---- Data section

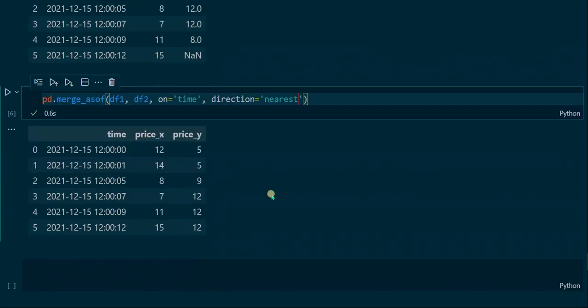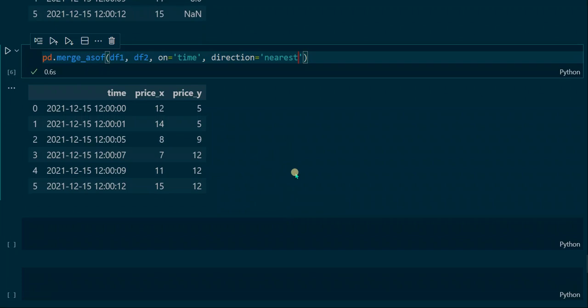The nearest direction looks for the nearest timestamp. The only value that changed compared to the backward search is the price_y value in the fourth row, which is now 12 instead of 9. The nearest direction search looks for the closest match — the timestamp ending with 07 does not exist in df2, so the function finds the timestamp closest to 07, which is 08, and takes that row's price value of 12.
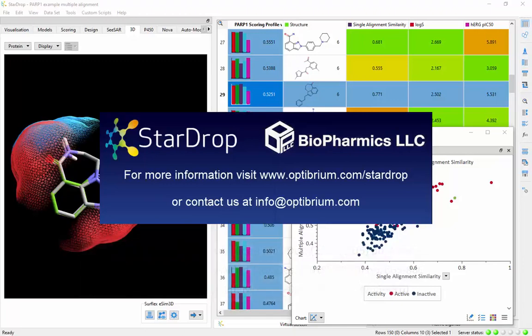For more information, visit our website or contact us at info@optibrium.com.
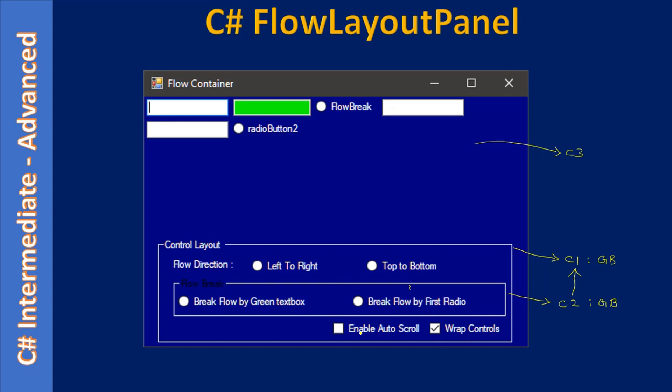One is enable auto scroll. Once you place a check mark here, the break won't happen. All the controls will be presented either in one row or in one column depending on what flow direction you set. When you don't have auto scroll, then you can use this wrap control property. This will allow the breaking of the controls.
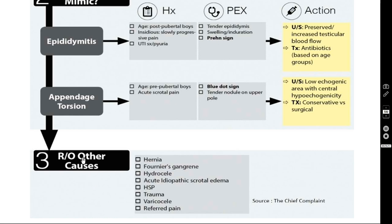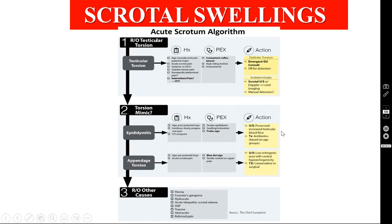We must also rule out other causes such as obstructed or irreducible hernia, Fournier's gangrene, hydrocele, acute idiopathic scrotal edema, trauma, varicocele, or sometimes referred pain.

--------

Work instructions
Working from the listing above, retype it exactly but include no images.

Your solution
The nearest direction looks for the nearest timestamp. The only value that changed compared to the backward search is the price_y value in the fourth row, which is now 12 instead of 9. The nearest direction search looks for the closest match — the timestamp ending with 07 does not exist in df2, so the function finds the timestamp closest to 07, which is 08, and takes that row's price value of 12.
For more information, visit our website or contact us at info@optibrium.com.
One is enable auto scroll. Once you place a check mark here, the break won't happen. All the controls will be presented either in one row or in one column depending on what flow direction you set. When you don't have auto scroll, then you can use this wrap control property. This will allow the breaking of the controls.
We must also rule out other causes such as obstructed or irreducible hernia, Fournier's gangrene, hydrocele, acute idiopathic scrotal edema, trauma, varicocele, or sometimes referred pain.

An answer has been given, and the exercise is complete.